Shops similar to Wawas and 7-Elevens sell the ice cream.
And 7-Elevens are everywhere in Norway.
While on the subject of food...I never thought I would get tired of lox, but by the end of the cruise opted for other offerings.
Night walks on the ship's observation deck, necks stretched back, eyes searching the sky for the Northern Lights.
Hub and I participated in an inaugural trip (members of an elite group of excursion virgins) to a marble mine (not part of our Road Scholar program).
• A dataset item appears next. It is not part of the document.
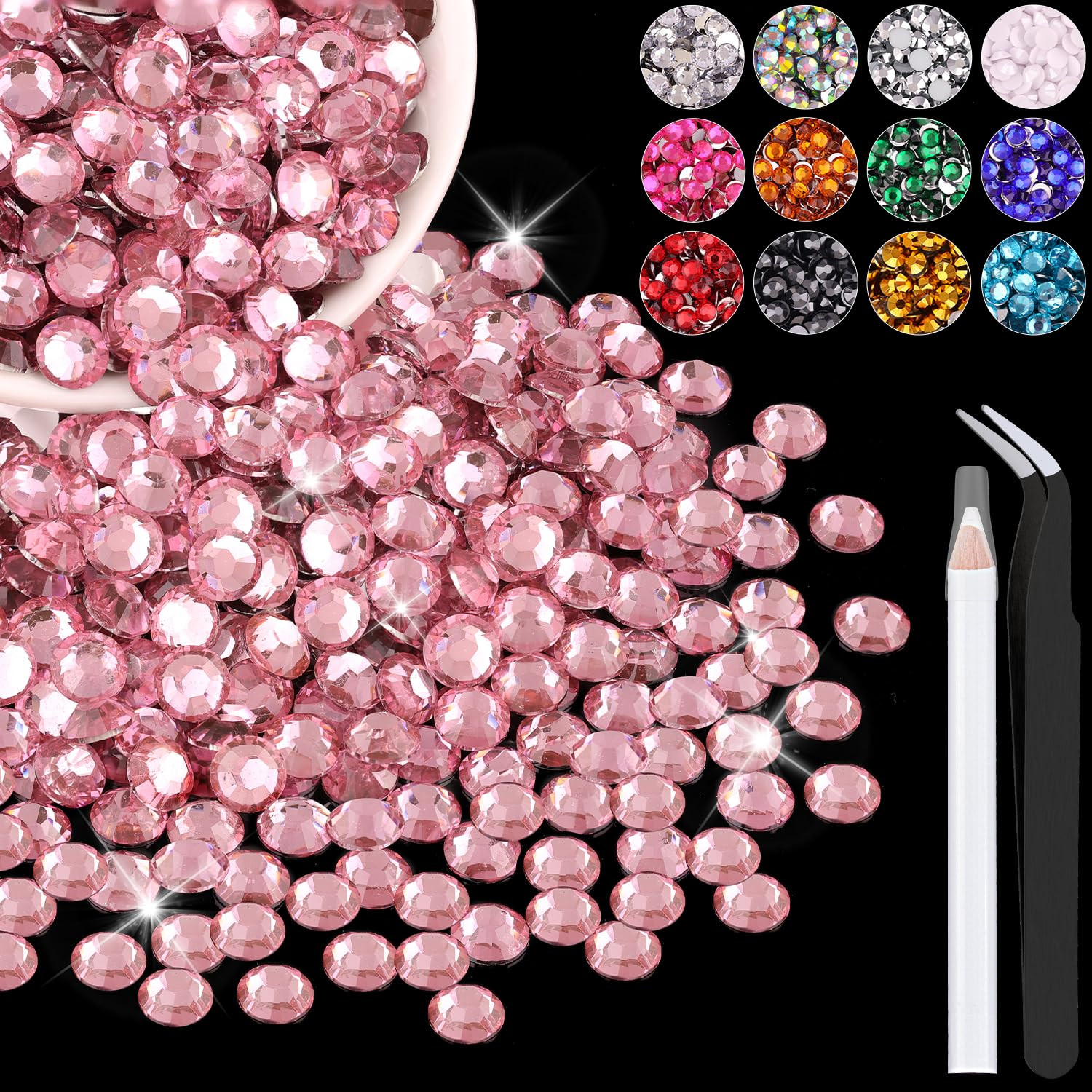 2500PCS 5mm Resin Rhinestones in Bulk (Dark Pink), Bedazzling Flatback Crystals for Crafts DIY Na... | Amazon (US)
Donning hard hats and life jackets, we rafted along mine waters in the interior of a mountain, tasted fresh-tapped mountain water, enjoyed local fare (vegetable soup and flat bread), and learned a bit about marble mining. The road leading to the mine - a word used loosely, as it was more a snowplowed path - caused heart palpitations as the tour bus maneuvered hairpin turns in darkness during a snow storm, the ride downhill more precarious than the trip up the mountain. No guard rails, only a driver with experience navigating Norway's roads. He also played the accordion, entertaining us during our meal in the mine.
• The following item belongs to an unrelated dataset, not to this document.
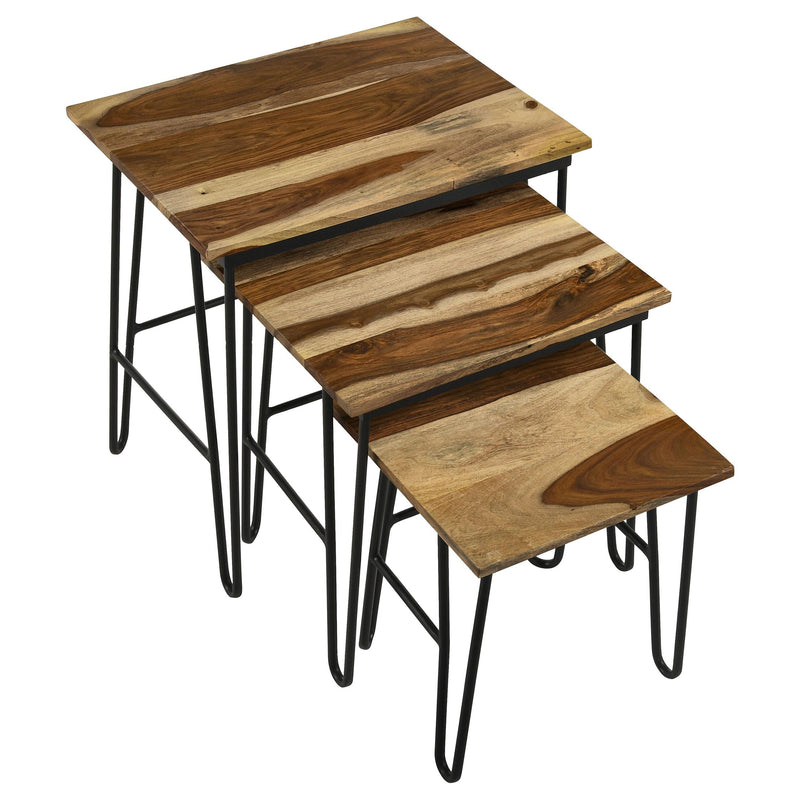 Coaster Furniture Nayeli 935981 3-piece Solid Sheesham Wood Nesting Tables - Natural IMAGE 2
Bus excursions into the countryside and walking tours of towns illuminated by holiday decorations brightened our days and provided opportunities for fresh air and exercise. We were lucky temperatures hovered around 32 degrees, moderate for December, although bundling up a necessity before venturing outdoors. Wind our adversary, freezing temperatures along with strong blasts occasionally limited outdoor activity. We experienced snow, rain and a mixed bag while wandering ice-covered streets and sidewalks, heated pedestrian paths, lighted walkways and rocky, uneven trails.
Commercial fishing and fish farming are major industries. These are salmon holding centers, part
of a fish farm operation.
Oil has made Norway a prosperous country.
The days passed quickly and suddenly discussions of disembarkation procedures and flights home jar us back to everyday lives.
Following two plane rides and a two hour drive, we arrived home 5:00 p.m., 17 hours after leaving our hotel in Norway. After a quick take-out dinner from our local pizza shop, hub fell asleep at 6:00 p.m. and I lasted until 7:30 p.m., sleeping until morning while dreaming of fjords, fish, snow-capped mountains, and a rolling ship.